In a room filled with 175 Sea Scouts, odds are just one earned the Quartermaster Award last year.
Finding him or her in this imaginary room won’t be easy, but once you do, you’ll be face-to-face with a young man or young woman who worked tirelessly to earn Sea Scouting’s highest honor. This individual has been active in Sea Scouting, conducted a Quartermaster Project and demonstrated 11 special skills — to name a few of the rigorous requirements.
In 2013, exactly 39 Sea Scouts had a bridge of honor ceremony to receive the award, which has been around since 1930. Consider a Quartermaster bridge of honor ceremony the Sea Scouting equivalent of an Eagle Scout court of honor — only even rarer.
Of the approximately 6,800 Sea Scouts registered in 2013, 0.57 percent earned the Quartermaster Award.
For comparison, of the roughly 1 million Boy Scouts registered last year, about 4 to 5 percent earned the Eagle Scout rank. I’ll have exact Eagle Scout numbers from 2013 in a month or two.
So how does 2013’s Quartermaster Award number compare to previous years? Check out this handy chart:
In other words:
- 12 in 2008
- 20 in 2009
- 28 in 2010
- 39 in 2011
- 33 in 2012
- 39 in 2013
Since 2008, Sea Scouting has seen the number of annual Quartermaster Award recipients more than triple.

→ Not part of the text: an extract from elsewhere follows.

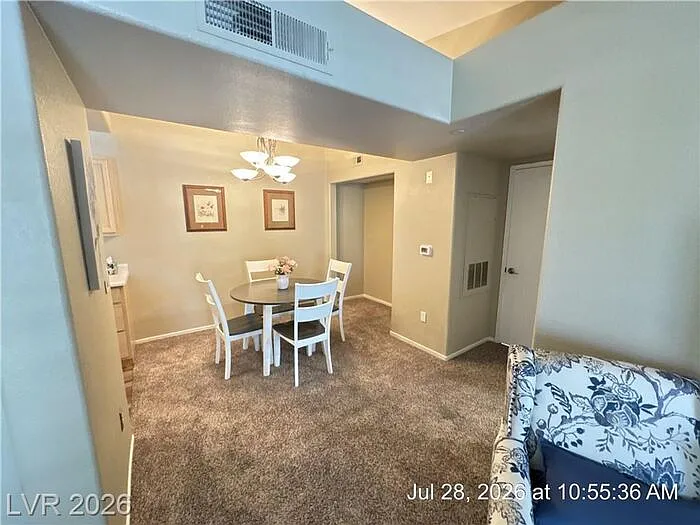 950 Seven Hills Dr #3023 — Photo 5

Numbers from previous years aren’t available.
One final thought on my comparison of the Quartermaster and Eagle Scout awards: Both are equally impressive, and saying that one’s rarer isn’t meant to diminish the accomplishments of those who earn the other. My point is to acknowledge that if you happen to see a Quartermaster Award recipient out there, be sure to shake his or her hand. There simply aren’t many around.
Big thanks to Keith Christopher and Natasha Leahey-Sayles for the info.